== RECORDS ==
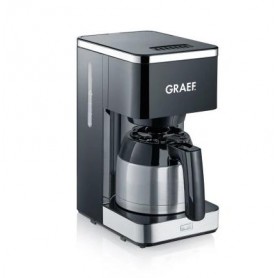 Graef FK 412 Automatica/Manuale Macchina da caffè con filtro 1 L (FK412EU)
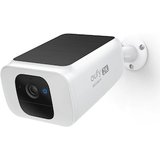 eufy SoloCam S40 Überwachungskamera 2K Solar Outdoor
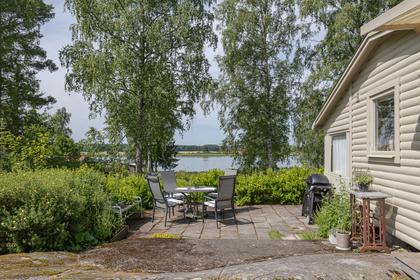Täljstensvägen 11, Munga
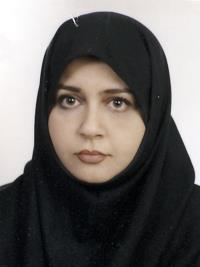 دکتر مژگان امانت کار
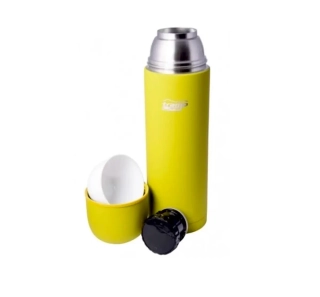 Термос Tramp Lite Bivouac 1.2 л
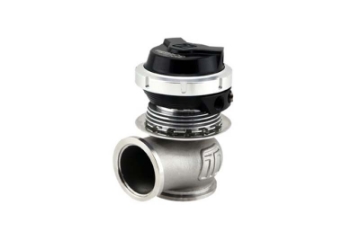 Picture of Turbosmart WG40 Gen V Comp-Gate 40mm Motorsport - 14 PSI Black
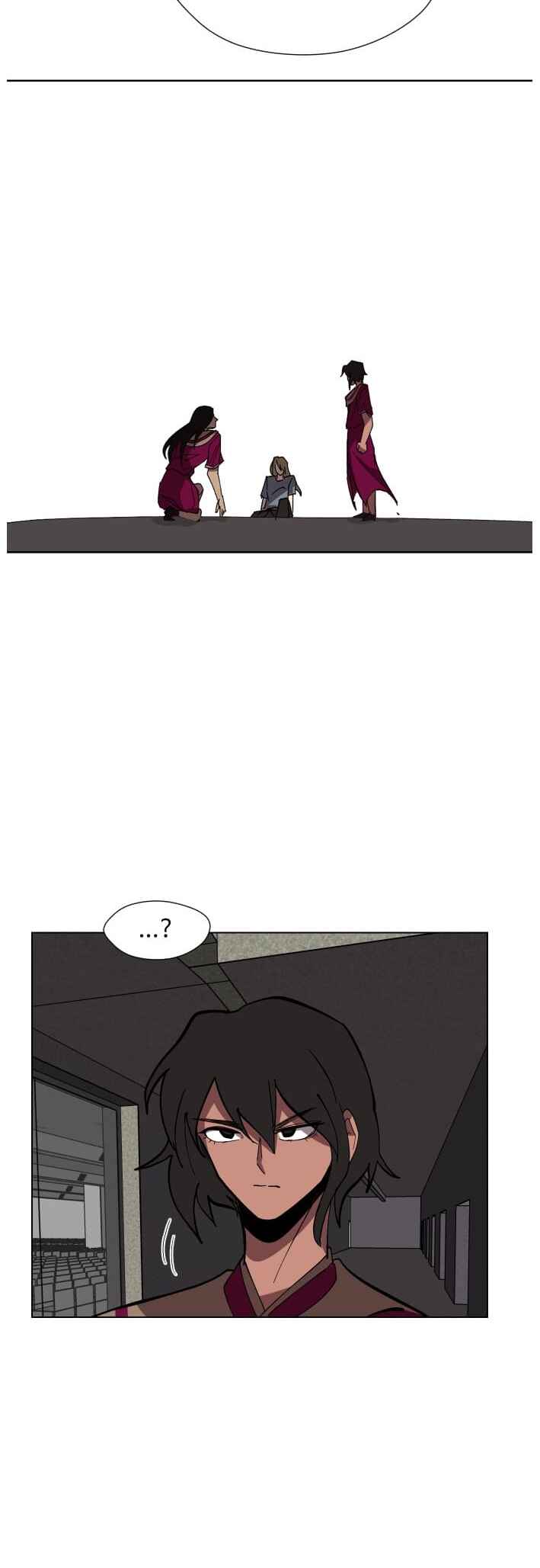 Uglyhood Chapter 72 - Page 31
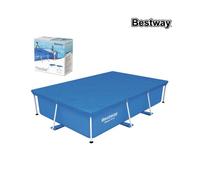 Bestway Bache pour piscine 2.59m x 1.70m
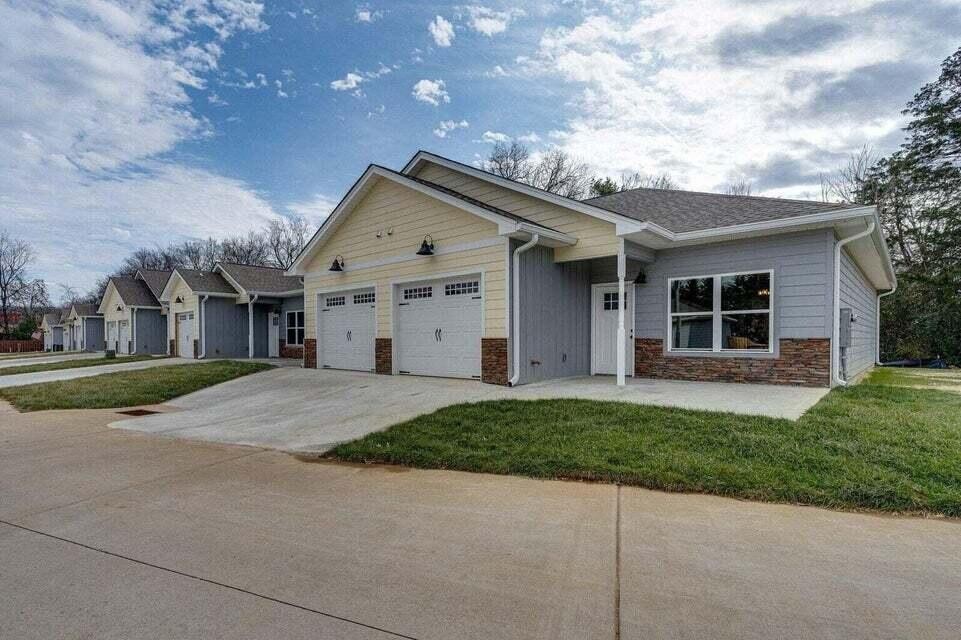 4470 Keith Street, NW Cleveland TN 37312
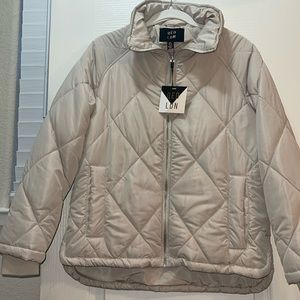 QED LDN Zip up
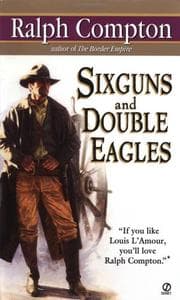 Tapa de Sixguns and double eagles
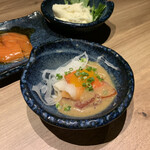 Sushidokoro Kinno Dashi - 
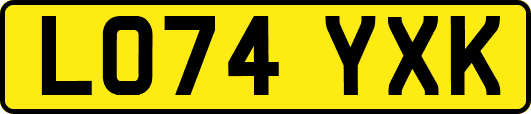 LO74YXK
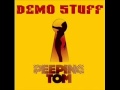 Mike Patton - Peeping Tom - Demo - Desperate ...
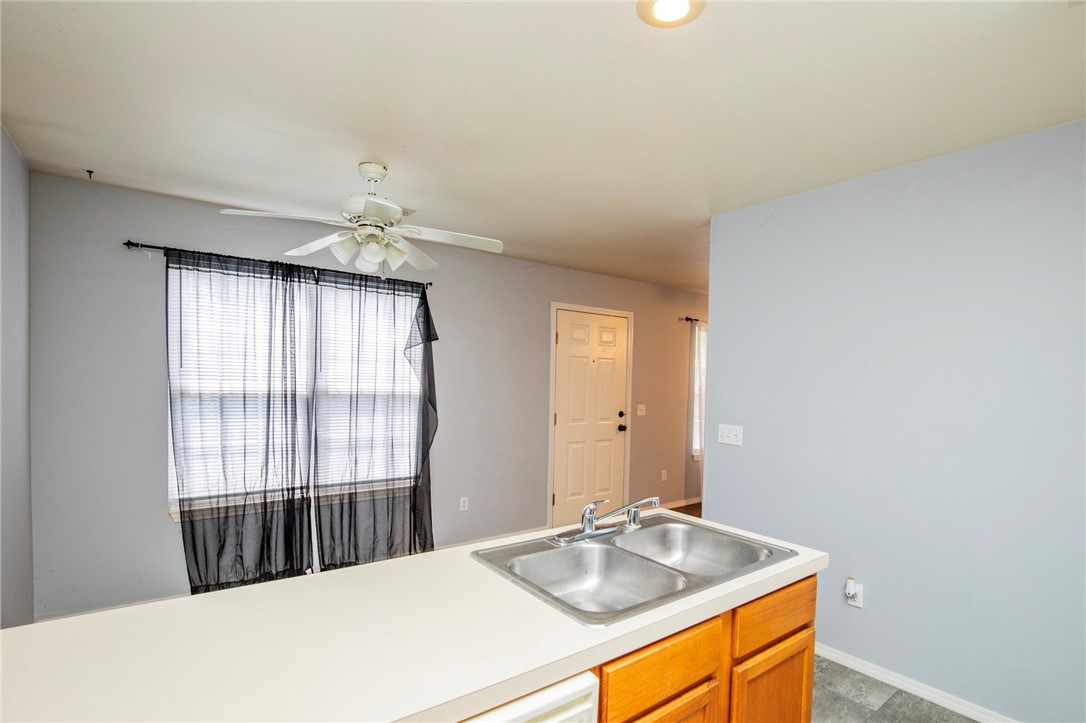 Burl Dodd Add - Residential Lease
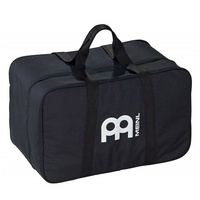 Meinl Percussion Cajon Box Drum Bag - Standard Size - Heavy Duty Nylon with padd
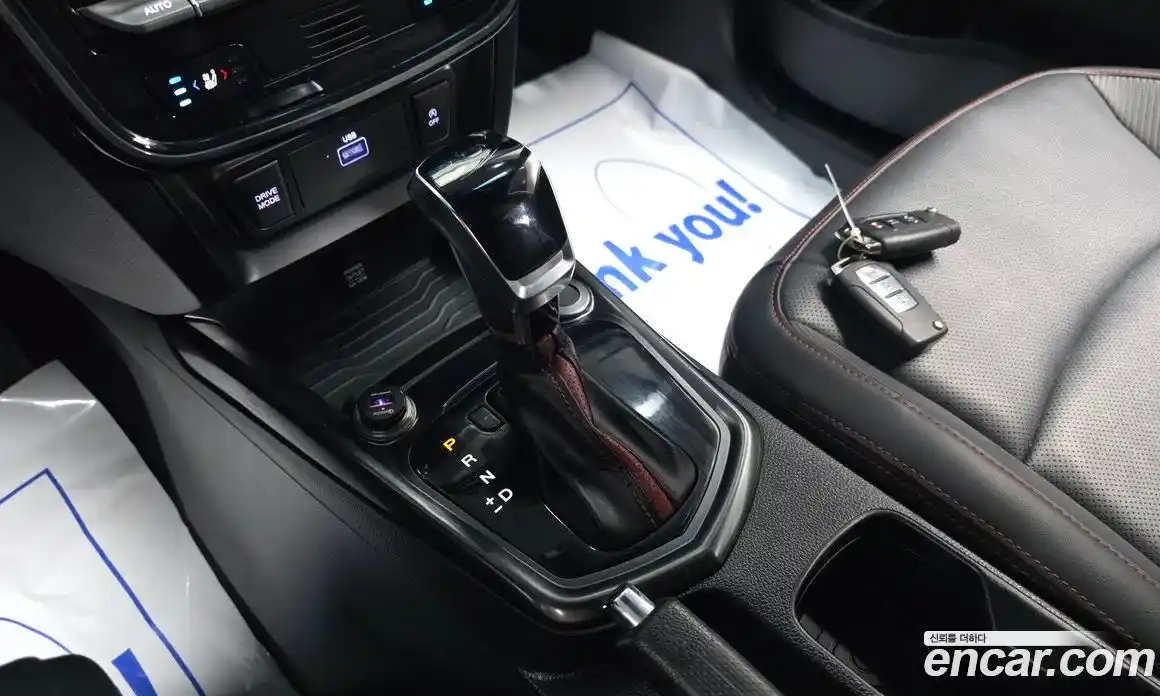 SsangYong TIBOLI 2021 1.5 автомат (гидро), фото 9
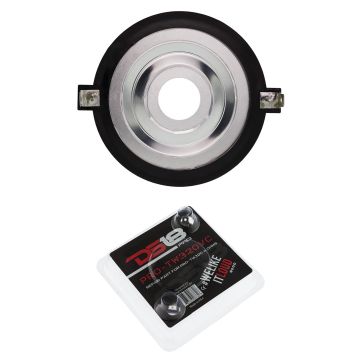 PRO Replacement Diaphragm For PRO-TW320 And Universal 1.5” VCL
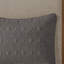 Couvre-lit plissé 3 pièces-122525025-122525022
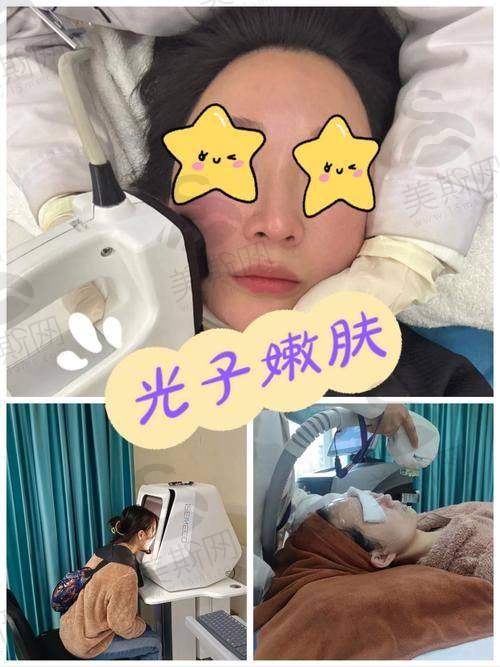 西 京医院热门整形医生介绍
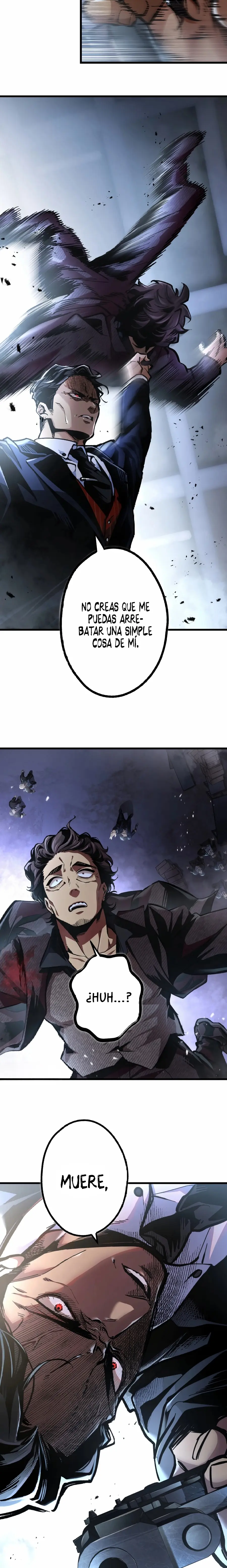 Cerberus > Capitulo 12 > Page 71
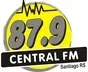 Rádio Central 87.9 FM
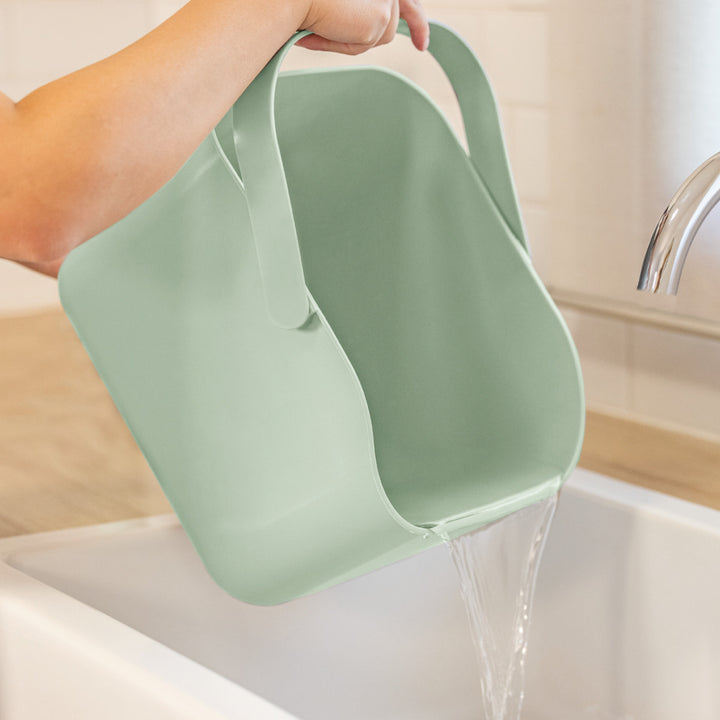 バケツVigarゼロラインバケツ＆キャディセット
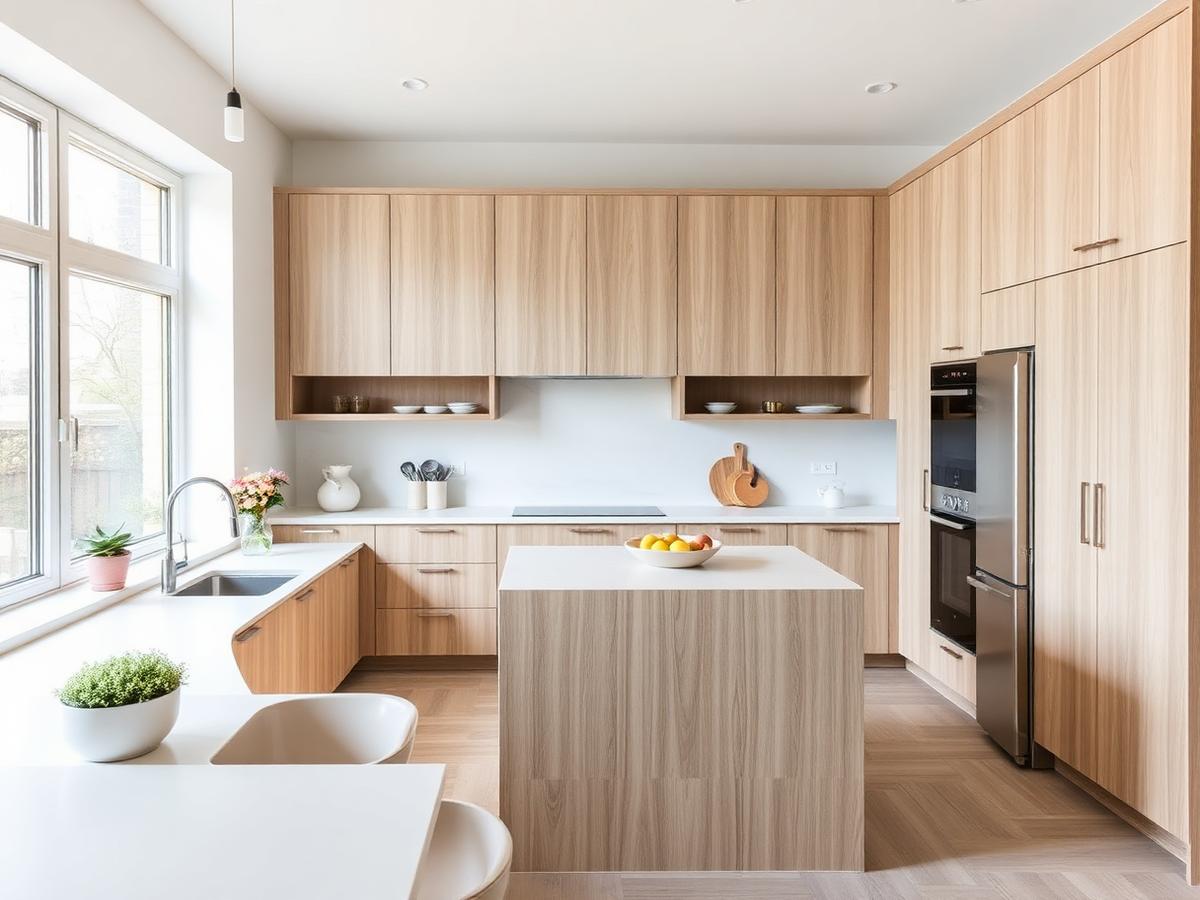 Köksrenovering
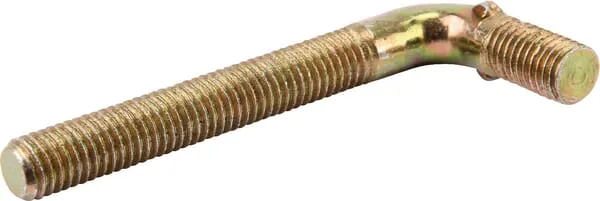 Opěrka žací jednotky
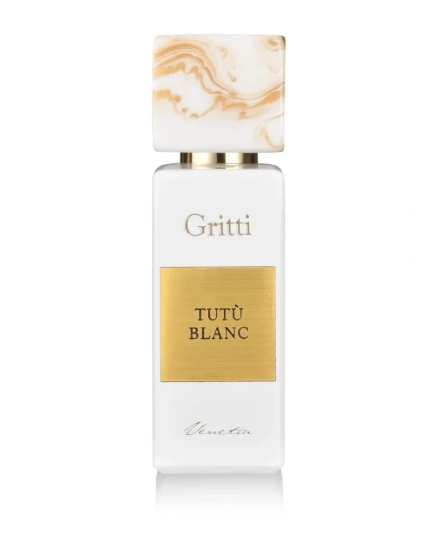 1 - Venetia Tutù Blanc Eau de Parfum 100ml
===
## WHAT TO PRODUCE
Without the pictures, repeat the entries above line by line, from the first through the one that contains "Mike Patton - Peeping", both ends included.

## ANSWER SPACE
 Graef FK 412 Automatica/Manuale Macchina da caffè con filtro 1 L (FK412EU)
 eufy SoloCam S40 Überwachungskamera 2K Solar Outdoor
Täljstensvägen 11, Munga
 دکتر مژگان امانت کار
 Термос Tramp Lite Bivouac 1.2 л
 Picture of Turbosmart WG40 Gen V Comp-Gate 40mm Motorsport - 14 PSI Black
 Uglyhood Chapter 72 - Page 31
 Bestway Bache pour piscine 2.59m x 1.70m
 4470 Keith Street, NW Cleveland TN 37312
 QED LDN Zip up
 Tapa de Sixguns and double eagles
 Sushidokoro Kinno Dashi - 
 LO74YXK
 Mike Patton - Peeping Tom - Demo - Desperate ...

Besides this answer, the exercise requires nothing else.